* Exercise details
Your answer should hold exactly the lines below from the line with "Winnie-the-Pooh's Friendship Book" through the line with "Jadi Pembicara Pra", both included, and no pictures at all.

*** Opening of Entries shown ***

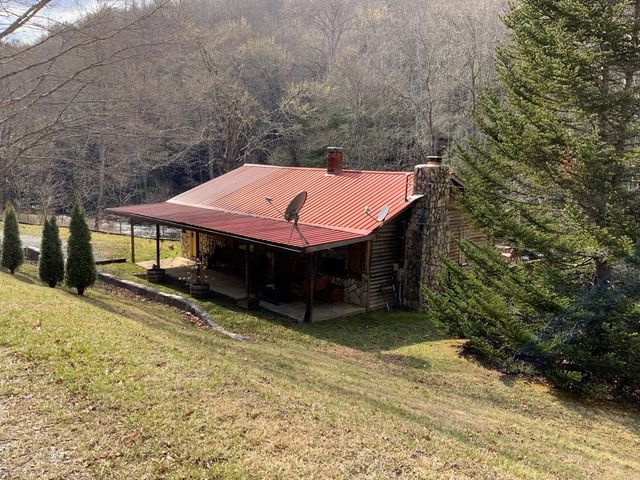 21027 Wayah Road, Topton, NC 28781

*** Close of Entries shown ***
*** Opening of Entries shown ***

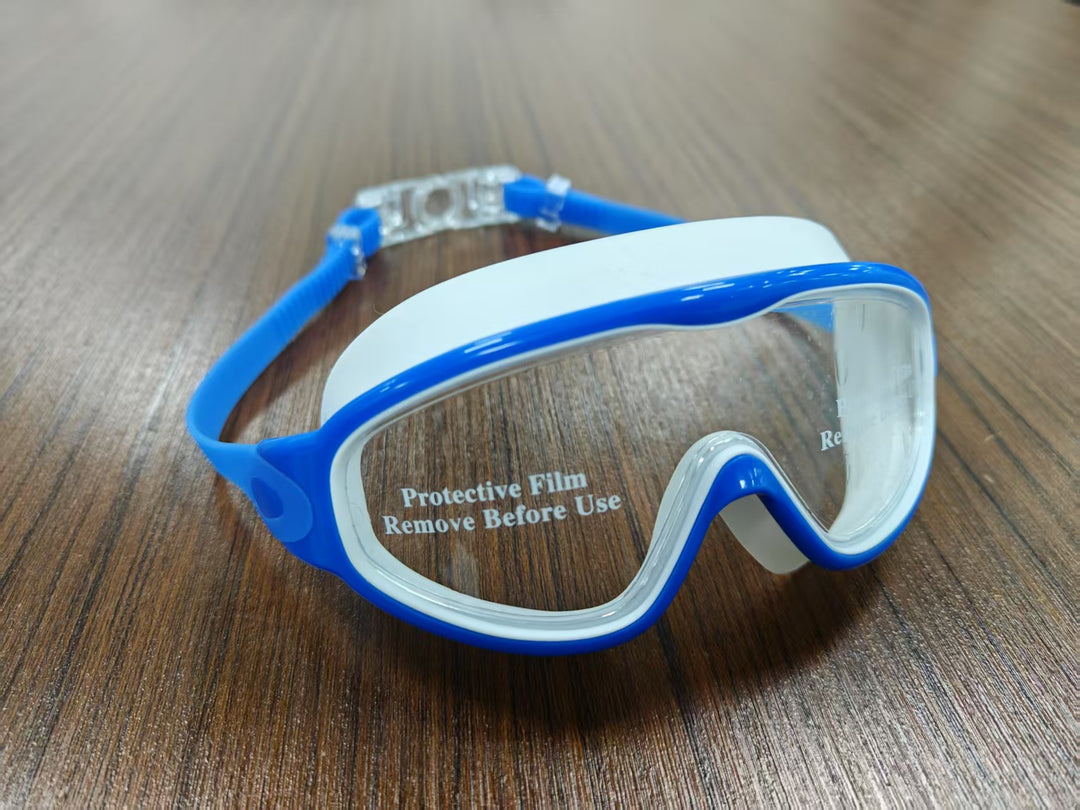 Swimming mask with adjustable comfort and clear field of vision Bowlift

*** Close of Entries shown ***
*** Opening of Entries shown ***

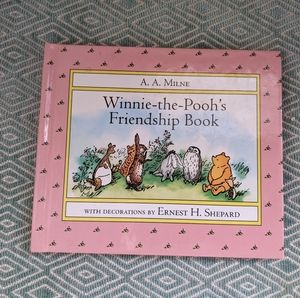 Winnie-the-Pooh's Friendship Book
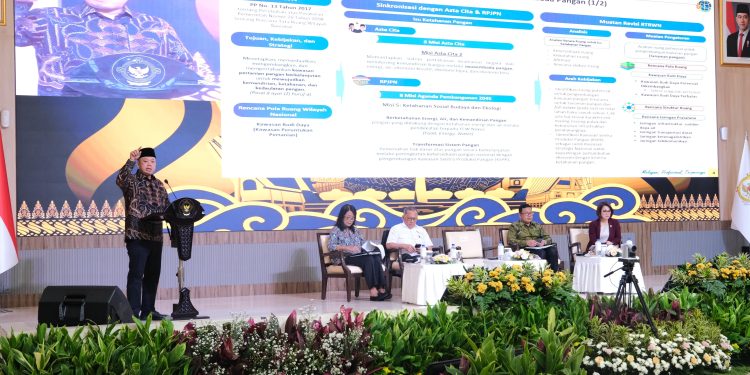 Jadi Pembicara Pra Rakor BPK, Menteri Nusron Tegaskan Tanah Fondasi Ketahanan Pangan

*** Close of Entries shown ***

* Written response
 Winnie-the-Pooh's Friendship Book
 Jadi Pembicara Pra Rakor BPK, Menteri Nusron Tegaskan Tanah Fondasi Ketahanan Pangan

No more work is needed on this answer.